Reduce Expense Fraud
Even if your accounting team personally reviews every single line item that comes through, fraudulent charges can slip through. It could be anything from a fill-up just before the trip ends to a shopping spree. While spending maximums won’t completely prevent fraud, they will limit the damage that can be done.
Minimize Damage on Stolen Cards
Once a business starts issuing plastic to employees, its risk of fraud increases. An employee who uses a card to make purchases across the country could easily lose that card or have it stolen. With a spending limit, a business finds that the damage that can be done by someone who has the card illegally is minimized.
Control Your Budget
Having spending limits gives you the power to set your monthly budget, since you’ll know that your employees can’t spend over a certain amount over the course of that month. This will give you the oversight you need to allocate money to travel expenses, office supply purchases, and other items commonly charged as expenses, while keeping the rest of your budget free for other bills.
Minimize Use
Knowing they have a limit may lead some of your employees to curtail their daily spending. They might have gone for an expensive dinner while out of town on a business trip, but knowing the purchase might be denied will stop them.

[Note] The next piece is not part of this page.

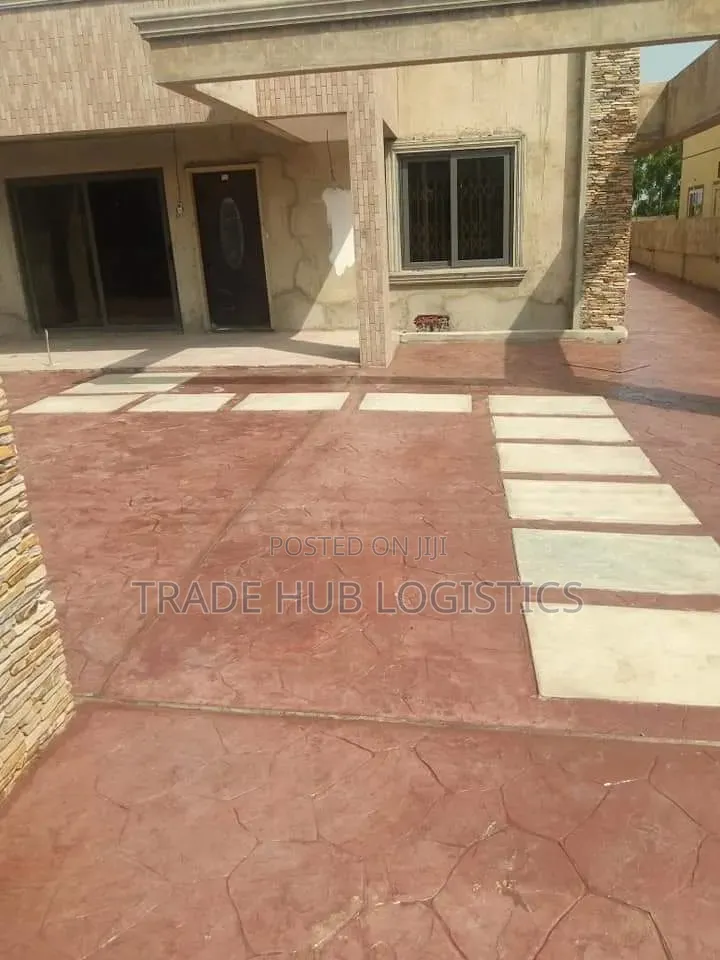 Stamped Polish Concrete, Pavement,epoxy Floor,general Construction Etc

You can also add internal policies to your credit card-imposed limits, including allowing only a set amount each day for food and lodging.
Build Business Credit
If your accounts have high balances on an ongoing basis, it can eventually damage your credit, even if you’re paying the balance each month. A credit limit can help keep those balances low, protecting the business credit you’ve worked hard to build.
Save Time for Approvers
If you’ve assigned personnel to monitor and approve expenditures each day, having a limit will cut down on the work they have to do. This is especially true if the limit is fairly low.
Reduce Stress
There are alternative ways to curtail employee spending and catch fraud, including setting up notifications every time a charge is made. But this type of monitoring can cause undue stress for business leaders, who should be investing their time in more important activities. Spending limits allow them to avoid this type of behavior without taking the risk that comes with not having any protections in place at all.
With today’s tech tools, businesses can easily place spending limits on the cards they issue employees for expenditures. By putting maximums in place, they can cap the amount an employee can spend each day, week, or month. This will help reduce fraud while also cutting down on the amount an employee without limits might spend. When combined with accounting tools, spending limits can help improve productivity and make budgeting more predictable.